Review

Review: A Riderless Horse

Reviewed by Erica Stretton


In his third poetry collection, award-winning poet Tim Upperton takes us to the end of the driveway, over the Manawatū – twisting like an eel – and on to Topeka and Paris.

Tim Upperton’s third collection reads confidently: experience is in these pages, in form and language, as he draws us through poems that spin from Palmerston North to Paris, from Topeka to the moon, engaging with mundane life – “you can always find a park / just a short walk from where you want to go,” and the more philosophical “Bone is what carried the flesh / until it tired of carrying /and lay down.”

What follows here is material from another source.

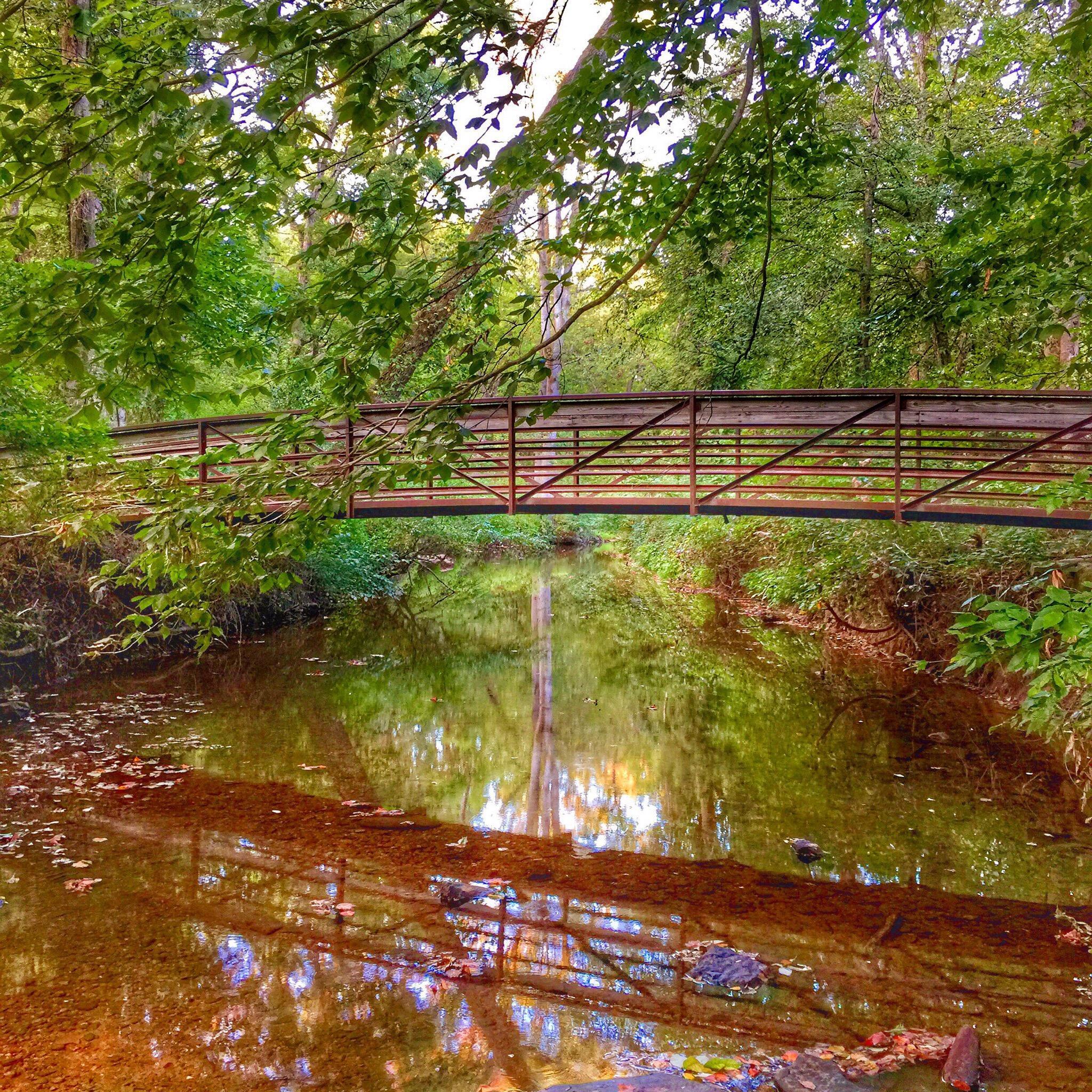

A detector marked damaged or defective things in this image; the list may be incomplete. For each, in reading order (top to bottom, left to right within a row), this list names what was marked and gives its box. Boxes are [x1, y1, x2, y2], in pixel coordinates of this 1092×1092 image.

Despite the occasional segue into lighter ground, A Riderless Horse feels heavy. Preoccupations include climate change - “blame dairy cows” - and mortality “the cough / or something like it. It’ll get worse. It’ll say, enough,” but the most pressing and personal is the acknowledgment of self as not always acceptable, “the wrong life cannot be lived rightly / I should know,” and “how you wonder sometimes / if you’ve got it, the killer gene.” Entwined with this is the knowledge that one doesn’t always get what one deserves, “Hard truth is that you never asked for much / and got less.” While acerbic humour and snappy endings litter the collection, the darker depths grip hard and stay with the reader.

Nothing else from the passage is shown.